**REQUIRED ACTION:** Please retype the data in full and exactly; the pictures are not part of the copy.

**INFORMATION SUPPLIED:**
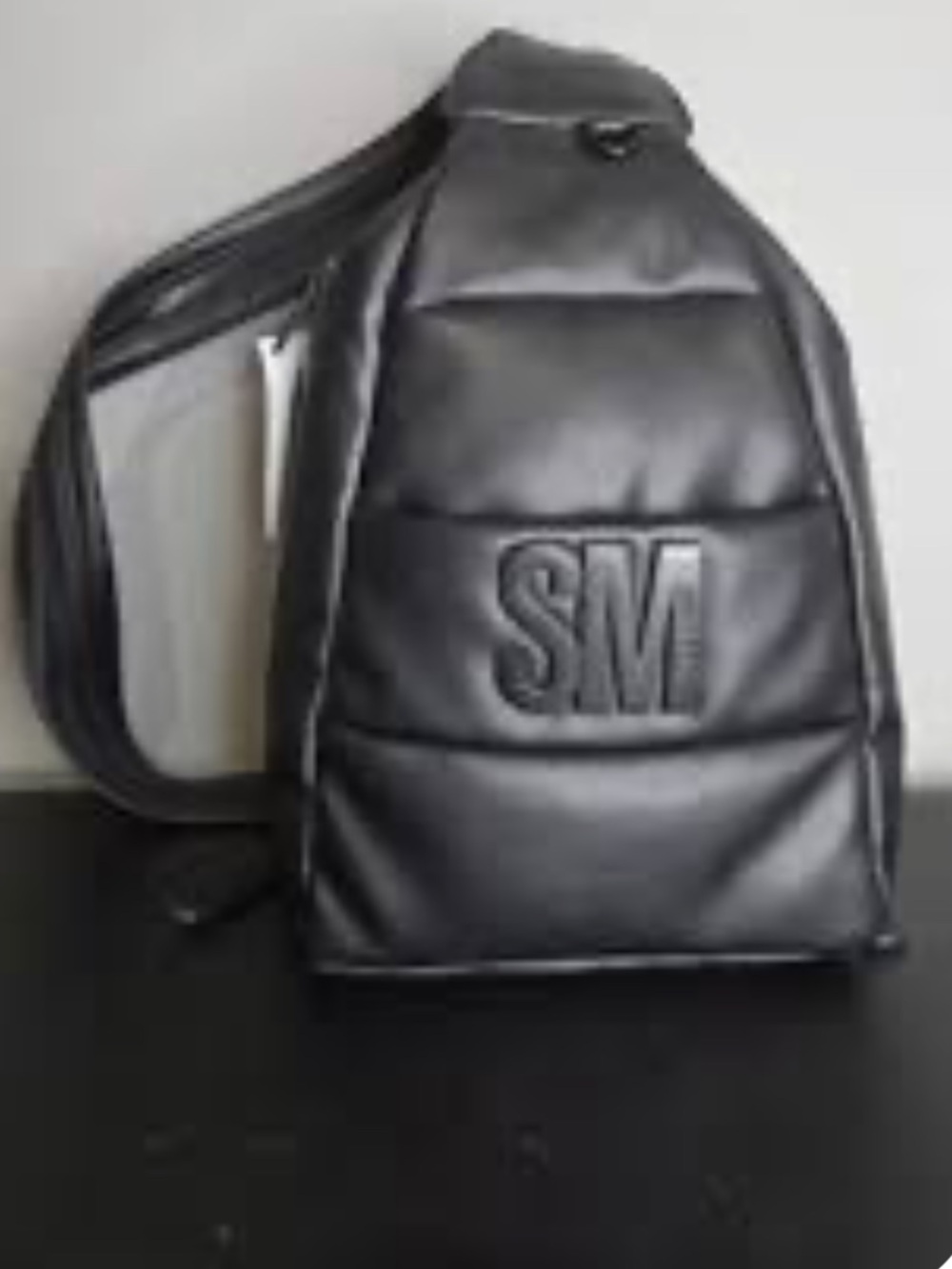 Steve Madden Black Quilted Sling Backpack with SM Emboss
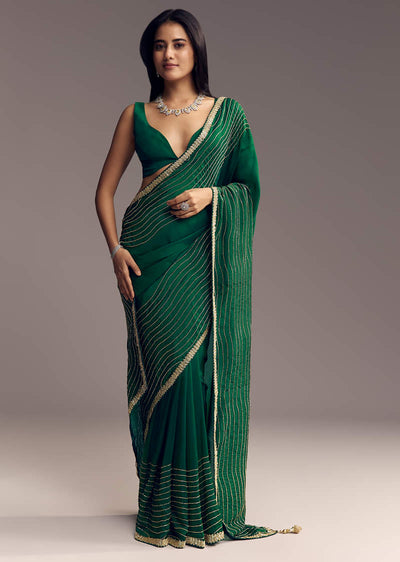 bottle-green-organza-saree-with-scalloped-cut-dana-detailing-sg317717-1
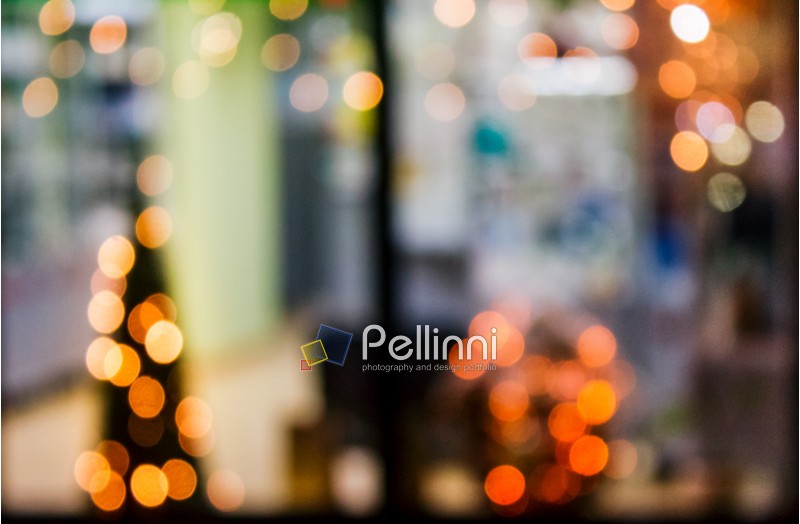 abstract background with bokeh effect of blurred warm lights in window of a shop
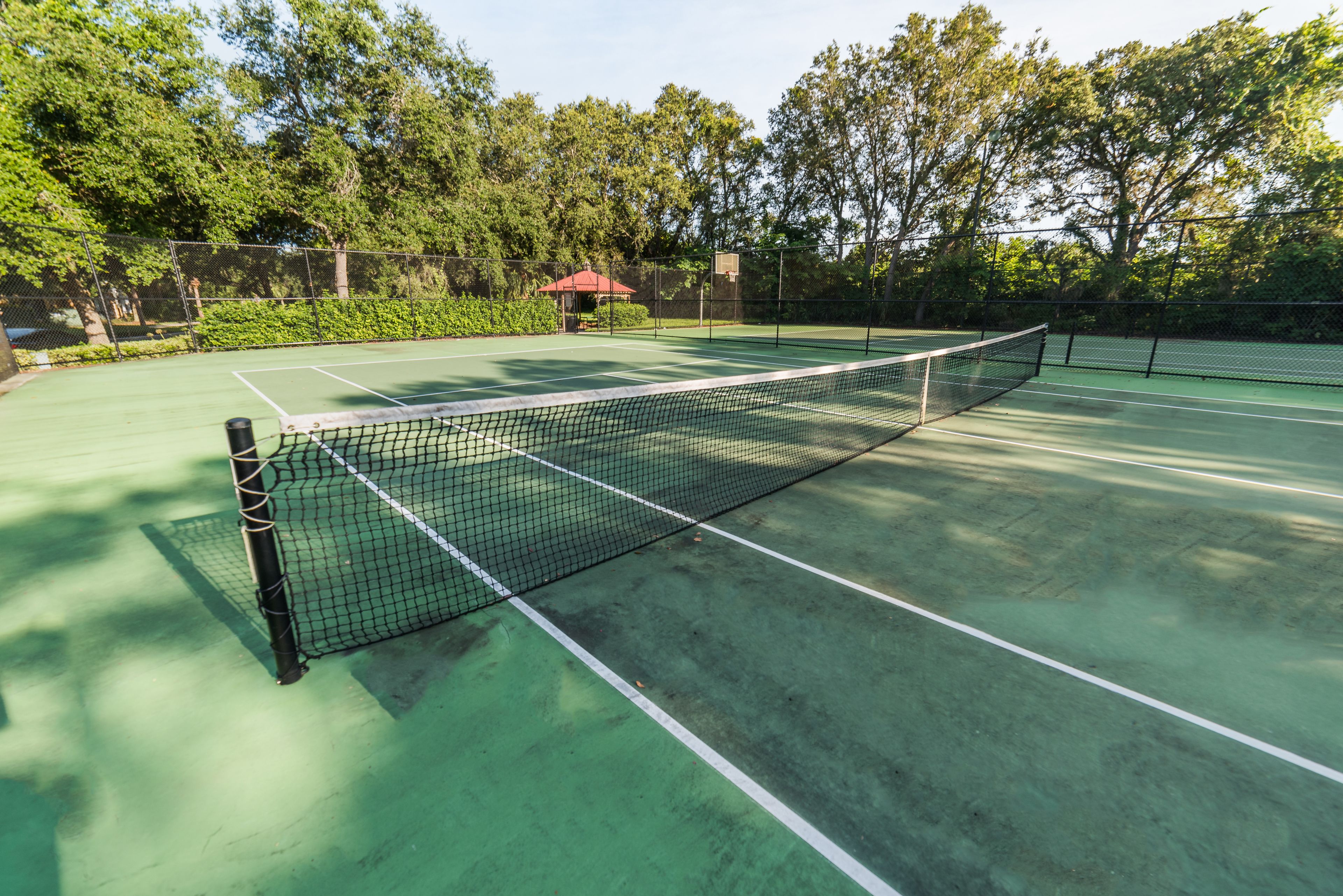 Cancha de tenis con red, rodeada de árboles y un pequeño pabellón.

**SOLUTION TO THE PROBLEM:**
 Steve Madden Black Quilted Sling Backpack with SM Emboss
 bottle-green-organza-saree-with-scalloped-cut-dana-detailing-sg317717-1
 abstract background with bokeh effect of blurred warm lights in window of a shop
 Cancha de tenis con red, rodeada de árboles y un pequeño pabellón.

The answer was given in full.